Well you totally lost me on the above, I’ve no idea what pretty much all of that means unfortunately. I’m using the Madmax plotters that came from a Chia install.

I use -r 36 -K 2 -u 256 -v 128 -t /media/chiamining/Raid0/ -2 /mnt/ramdisk/

Would you mind sharing your Madmax builds?

I have this thread for my inconsistent plot times, but I just haven’t had the time to investigate further.
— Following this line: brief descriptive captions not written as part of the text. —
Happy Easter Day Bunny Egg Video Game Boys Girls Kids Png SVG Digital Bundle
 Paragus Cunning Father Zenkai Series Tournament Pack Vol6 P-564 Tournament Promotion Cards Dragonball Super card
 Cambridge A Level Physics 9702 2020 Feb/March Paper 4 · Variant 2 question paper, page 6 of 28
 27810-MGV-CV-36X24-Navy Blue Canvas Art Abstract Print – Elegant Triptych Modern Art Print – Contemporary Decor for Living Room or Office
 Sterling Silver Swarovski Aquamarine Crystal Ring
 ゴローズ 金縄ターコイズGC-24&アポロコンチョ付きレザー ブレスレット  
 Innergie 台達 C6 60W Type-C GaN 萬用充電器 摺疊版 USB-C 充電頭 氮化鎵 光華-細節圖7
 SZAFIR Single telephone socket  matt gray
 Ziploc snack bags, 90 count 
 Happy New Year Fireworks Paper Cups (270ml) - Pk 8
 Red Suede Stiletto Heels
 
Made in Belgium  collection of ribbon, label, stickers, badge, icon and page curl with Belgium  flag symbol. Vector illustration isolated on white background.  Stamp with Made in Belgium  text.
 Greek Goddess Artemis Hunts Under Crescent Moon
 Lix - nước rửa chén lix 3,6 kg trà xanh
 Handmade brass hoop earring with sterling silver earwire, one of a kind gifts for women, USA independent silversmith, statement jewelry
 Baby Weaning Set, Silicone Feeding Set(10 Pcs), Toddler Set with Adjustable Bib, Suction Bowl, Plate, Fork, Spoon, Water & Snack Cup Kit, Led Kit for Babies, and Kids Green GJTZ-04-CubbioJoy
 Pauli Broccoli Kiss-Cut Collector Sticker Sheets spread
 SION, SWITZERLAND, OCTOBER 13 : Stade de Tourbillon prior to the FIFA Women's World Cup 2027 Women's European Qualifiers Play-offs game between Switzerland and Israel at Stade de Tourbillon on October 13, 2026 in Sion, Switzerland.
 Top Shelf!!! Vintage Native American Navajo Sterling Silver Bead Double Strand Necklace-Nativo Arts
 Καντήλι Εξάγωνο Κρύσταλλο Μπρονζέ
5.16 is the latest stable kernel release (5.17 currently in development). GCC is the gnu c compiler, and version 11 is the latest, which offers some pretty decent performance benefits over version 10, which many distros are still using. If your distro is still on GCC10, I would not bother looking into building GCC11 yourself, it’s quite the undertaking. CPU mitigations disabled means I set the kernel parameter mitigations=off in my bootloader so that the kernel will not load the spectre/meltdown CPU mitigations and gains a little bit of performance, especially on these older haswell chips. The CPU scaling governor is probably the easiest way to get more performance on these older xeons, because the default is usually set to either schedutil (which is ok) or powersave, depending on the distro. Setting the governor to performance lets it ramp up to higher clock frequencies faster, and stay there longer. The LD_PRELOAD environment variable set to use libjemalloc uses a custom memory allocation system which slightly improves performance on some machines, I gained maybe 30s at most from it.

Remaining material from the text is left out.